Each line of the material below is to be given again exactly.
——
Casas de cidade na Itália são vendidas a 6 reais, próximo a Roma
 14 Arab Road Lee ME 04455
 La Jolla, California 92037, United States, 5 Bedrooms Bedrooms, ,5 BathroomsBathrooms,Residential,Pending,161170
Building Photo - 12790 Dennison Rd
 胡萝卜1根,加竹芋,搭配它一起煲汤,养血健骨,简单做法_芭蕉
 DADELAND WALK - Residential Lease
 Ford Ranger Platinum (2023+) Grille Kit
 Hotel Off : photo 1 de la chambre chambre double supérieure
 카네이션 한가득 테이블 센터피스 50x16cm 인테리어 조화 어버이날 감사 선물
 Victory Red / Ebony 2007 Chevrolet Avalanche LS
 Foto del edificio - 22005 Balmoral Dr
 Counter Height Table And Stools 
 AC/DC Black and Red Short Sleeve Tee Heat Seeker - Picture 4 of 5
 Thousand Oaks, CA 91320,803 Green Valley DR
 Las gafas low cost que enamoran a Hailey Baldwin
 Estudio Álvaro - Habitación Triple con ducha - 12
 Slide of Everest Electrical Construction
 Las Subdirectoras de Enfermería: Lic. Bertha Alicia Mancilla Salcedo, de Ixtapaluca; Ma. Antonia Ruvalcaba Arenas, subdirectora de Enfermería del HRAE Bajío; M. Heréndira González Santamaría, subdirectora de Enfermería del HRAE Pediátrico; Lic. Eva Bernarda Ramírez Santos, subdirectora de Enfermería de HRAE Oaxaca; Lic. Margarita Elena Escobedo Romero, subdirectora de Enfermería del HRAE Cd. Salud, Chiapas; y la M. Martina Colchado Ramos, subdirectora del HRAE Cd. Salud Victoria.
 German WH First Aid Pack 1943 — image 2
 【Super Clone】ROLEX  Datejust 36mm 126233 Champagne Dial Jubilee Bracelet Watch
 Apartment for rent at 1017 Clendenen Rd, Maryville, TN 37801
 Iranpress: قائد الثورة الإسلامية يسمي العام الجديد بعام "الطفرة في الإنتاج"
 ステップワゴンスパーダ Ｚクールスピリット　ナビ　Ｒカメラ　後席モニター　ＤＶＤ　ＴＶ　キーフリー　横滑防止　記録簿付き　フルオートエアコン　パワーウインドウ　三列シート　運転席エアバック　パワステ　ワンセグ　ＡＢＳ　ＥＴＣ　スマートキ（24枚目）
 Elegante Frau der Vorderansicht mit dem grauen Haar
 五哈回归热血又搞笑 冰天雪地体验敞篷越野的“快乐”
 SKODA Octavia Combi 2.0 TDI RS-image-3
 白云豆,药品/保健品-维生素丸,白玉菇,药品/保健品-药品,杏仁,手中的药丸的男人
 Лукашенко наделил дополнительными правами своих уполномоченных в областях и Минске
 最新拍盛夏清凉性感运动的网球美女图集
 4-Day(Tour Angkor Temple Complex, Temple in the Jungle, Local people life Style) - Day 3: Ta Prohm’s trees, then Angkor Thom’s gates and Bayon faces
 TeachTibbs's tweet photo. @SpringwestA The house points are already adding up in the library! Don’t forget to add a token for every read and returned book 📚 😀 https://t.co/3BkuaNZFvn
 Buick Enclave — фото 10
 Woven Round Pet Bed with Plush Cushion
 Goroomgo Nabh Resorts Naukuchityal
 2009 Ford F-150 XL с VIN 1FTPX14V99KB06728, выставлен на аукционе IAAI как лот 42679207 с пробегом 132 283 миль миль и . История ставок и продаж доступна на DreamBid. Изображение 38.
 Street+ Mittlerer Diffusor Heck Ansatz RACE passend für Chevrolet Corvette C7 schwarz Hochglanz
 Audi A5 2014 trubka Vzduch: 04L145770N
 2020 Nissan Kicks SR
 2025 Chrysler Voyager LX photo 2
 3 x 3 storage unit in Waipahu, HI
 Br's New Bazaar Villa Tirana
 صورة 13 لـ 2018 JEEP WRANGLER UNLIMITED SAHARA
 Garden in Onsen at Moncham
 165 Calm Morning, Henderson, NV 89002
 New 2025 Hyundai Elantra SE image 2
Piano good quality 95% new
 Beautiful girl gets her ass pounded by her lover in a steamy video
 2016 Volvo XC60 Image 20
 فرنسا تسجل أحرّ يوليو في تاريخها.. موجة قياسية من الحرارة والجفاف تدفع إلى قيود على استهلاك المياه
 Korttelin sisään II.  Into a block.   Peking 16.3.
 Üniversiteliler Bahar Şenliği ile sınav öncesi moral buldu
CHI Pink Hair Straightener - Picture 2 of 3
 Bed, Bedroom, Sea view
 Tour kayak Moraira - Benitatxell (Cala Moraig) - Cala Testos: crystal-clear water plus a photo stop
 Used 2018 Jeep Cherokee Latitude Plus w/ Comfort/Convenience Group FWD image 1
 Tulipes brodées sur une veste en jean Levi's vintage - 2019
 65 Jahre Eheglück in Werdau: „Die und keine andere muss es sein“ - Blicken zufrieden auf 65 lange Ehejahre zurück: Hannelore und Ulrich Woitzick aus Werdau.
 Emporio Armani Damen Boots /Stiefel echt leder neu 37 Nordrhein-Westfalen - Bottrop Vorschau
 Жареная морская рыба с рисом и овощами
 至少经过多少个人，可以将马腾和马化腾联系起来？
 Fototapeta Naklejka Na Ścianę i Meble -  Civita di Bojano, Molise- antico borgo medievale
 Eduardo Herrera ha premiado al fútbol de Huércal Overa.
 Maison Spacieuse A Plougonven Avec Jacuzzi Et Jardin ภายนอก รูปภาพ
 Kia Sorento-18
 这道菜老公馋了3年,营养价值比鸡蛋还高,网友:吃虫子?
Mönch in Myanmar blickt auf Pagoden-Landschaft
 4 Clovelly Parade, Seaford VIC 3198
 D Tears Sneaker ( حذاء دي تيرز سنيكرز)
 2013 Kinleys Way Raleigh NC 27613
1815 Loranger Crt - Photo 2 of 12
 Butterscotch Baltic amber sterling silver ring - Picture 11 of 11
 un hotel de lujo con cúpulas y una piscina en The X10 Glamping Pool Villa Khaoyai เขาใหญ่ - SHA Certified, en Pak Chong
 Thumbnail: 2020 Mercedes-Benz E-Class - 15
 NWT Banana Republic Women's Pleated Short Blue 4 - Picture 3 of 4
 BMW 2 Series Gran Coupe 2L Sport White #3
——
- **TASK RESPONSE**:
Casas de cidade na Itália são vendidas a 6 reais, próximo a Roma
 14 Arab Road Lee ME 04455
 La Jolla, California 92037, United States, 5 Bedrooms Bedrooms, ,5 BathroomsBathrooms,Residential,Pending,161170
Building Photo - 12790 Dennison Rd
 胡萝卜1根,加竹芋,搭配它一起煲汤,养血健骨,简单做法_芭蕉
 DADELAND WALK - Residential Lease
 Ford Ranger Platinum (2023+) Grille Kit
 Hotel Off : photo 1 de la chambre chambre double supérieure
 카네이션 한가득 테이블 센터피스 50x16cm 인테리어 조화 어버이날 감사 선물
 Victory Red / Ebony 2007 Chevrolet Avalanche LS
 Foto del edificio - 22005 Balmoral Dr
 Counter Height Table And Stools 
 AC/DC Black and Red Short Sleeve Tee Heat Seeker - Picture 4 of 5
 Thousand Oaks, CA 91320,803 Green Valley DR
 Las gafas low cost que enamoran a Hailey Baldwin
 Estudio Álvaro - Habitación Triple con ducha - 12
 Slide of Everest Electrical Construction
 Las Subdirectoras de Enfermería: Lic. Bertha Alicia Mancilla Salcedo, de Ixtapaluca; Ma. Antonia Ruvalcaba Arenas, subdirectora de Enfermería del HRAE Bajío; M. Heréndira González Santamaría, subdirectora de Enfermería del HRAE Pediátrico; Lic. Eva Bernarda Ramírez Santos, subdirectora de Enfermería de HRAE Oaxaca; Lic. Margarita Elena Escobedo Romero, subdirectora de Enfermería del HRAE Cd. Salud, Chiapas; y la M. Martina Colchado Ramos, subdirectora del HRAE Cd. Salud Victoria.
 German WH First Aid Pack 1943 — image 2
 【Super Clone】ROLEX  Datejust 36mm 126233 Champagne Dial Jubilee Bracelet Watch
 Apartment for rent at 1017 Clendenen Rd, Maryville, TN 37801
 Iranpress: قائد الثورة الإسلامية يسمي العام الجديد بعام "الطفرة في الإنتاج"
 ステップワゴンスパーダ Ｚクールスピリット　ナビ　Ｒカメラ　後席モニター　ＤＶＤ　ＴＶ　キーフリー　横滑防止　記録簿付き　フルオートエアコン　パワーウインドウ　三列シート　運転席エアバック　パワステ　ワンセグ　ＡＢＳ　ＥＴＣ　スマートキ（24枚目）
 Elegante Frau der Vorderansicht mit dem grauen Haar
 五哈回归热血又搞笑 冰天雪地体验敞篷越野的“快乐”
 SKODA Octavia Combi 2.0 TDI RS-image-3
 白云豆,药品/保健品-维生素丸,白玉菇,药品/保健品-药品,杏仁,手中的药丸的男人
 Лукашенко наделил дополнительными правами своих уполномоченных в областях и Минске
 最新拍盛夏清凉性感运动的网球美女图集
 4-Day(Tour Angkor Temple Complex, Temple in the Jungle, Local people life Style) - Day 3: Ta Prohm’s trees, then Angkor Thom’s gates and Bayon faces
 TeachTibbs's tweet photo. @SpringwestA The house points are already adding up in the library! Don’t forget to add a token for every read and returned book 📚 😀 https://t.co/3BkuaNZFvn
 Buick Enclave — фото 10
 Woven Round Pet Bed with Plush Cushion
 Goroomgo Nabh Resorts Naukuchityal
 2009 Ford F-150 XL с VIN 1FTPX14V99KB06728, выставлен на аукционе IAAI как лот 42679207 с пробегом 132 283 миль миль и . История ставок и продаж доступна на DreamBid. Изображение 38.
 Street+ Mittlerer Diffusor Heck Ansatz RACE passend für Chevrolet Corvette C7 schwarz Hochglanz
 Audi A5 2014 trubka Vzduch: 04L145770N
 2020 Nissan Kicks SR
 2025 Chrysler Voyager LX photo 2
 3 x 3 storage unit in Waipahu, HI
 Br's New Bazaar Villa Tirana
 صورة 13 لـ 2018 JEEP WRANGLER UNLIMITED SAHARA
 Garden in Onsen at Moncham
 165 Calm Morning, Henderson, NV 89002
 New 2025 Hyundai Elantra SE image 2
Piano good quality 95% new
 Beautiful girl gets her ass pounded by her lover in a steamy video
 2016 Volvo XC60 Image 20
 فرنسا تسجل أحرّ يوليو في تاريخها.. موجة قياسية من الحرارة والجفاف تدفع إلى قيود على استهلاك المياه
 Korttelin sisään II.  Into a block.   Peking 16.3.
 Üniversiteliler Bahar Şenliği ile sınav öncesi moral buldu
CHI Pink Hair Straightener - Picture 2 of 3
 Bed, Bedroom, Sea view
 Tour kayak Moraira - Benitatxell (Cala Moraig) - Cala Testos: crystal-clear water plus a photo stop
 Used 2018 Jeep Cherokee Latitude Plus w/ Comfort/Convenience Group FWD image 1
 Tulipes brodées sur une veste en jean Levi's vintage - 2019
 65 Jahre Eheglück in Werdau: „Die und keine andere muss es sein“ - Blicken zufrieden auf 65 lange Ehejahre zurück: Hannelore und Ulrich Woitzick aus Werdau.
 Emporio Armani Damen Boots /Stiefel echt leder neu 37 Nordrhein-Westfalen - Bottrop Vorschau
 Жареная морская рыба с рисом и овощами
 至少经过多少个人，可以将马腾和马化腾联系起来？
 Fototapeta Naklejka Na Ścianę i Meble -  Civita di Bojano, Molise- antico borgo medievale
 Eduardo Herrera ha premiado al fútbol de Huércal Overa.
 Maison Spacieuse A Plougonven Avec Jacuzzi Et Jardin ภายนอก รูปภาพ
 Kia Sorento-18
 这道菜老公馋了3年,营养价值比鸡蛋还高,网友:吃虫子?
Mönch in Myanmar blickt auf Pagoden-Landschaft
 4 Clovelly Parade, Seaford VIC 3198
 D Tears Sneaker ( حذاء دي تيرز سنيكرز)
 2013 Kinleys Way Raleigh NC 27613
1815 Loranger Crt - Photo 2 of 12
 Butterscotch Baltic amber sterling silver ring - Picture 11 of 11
 un hotel de lujo con cúpulas y una piscina en The X10 Glamping Pool Villa Khaoyai เขาใหญ่ - SHA Certified, en Pak Chong
 Thumbnail: 2020 Mercedes-Benz E-Class - 15
 NWT Banana Republic Women's Pleated Short Blue 4 - Picture 3 of 4
 BMW 2 Series Gran Coupe 2L Sport White #3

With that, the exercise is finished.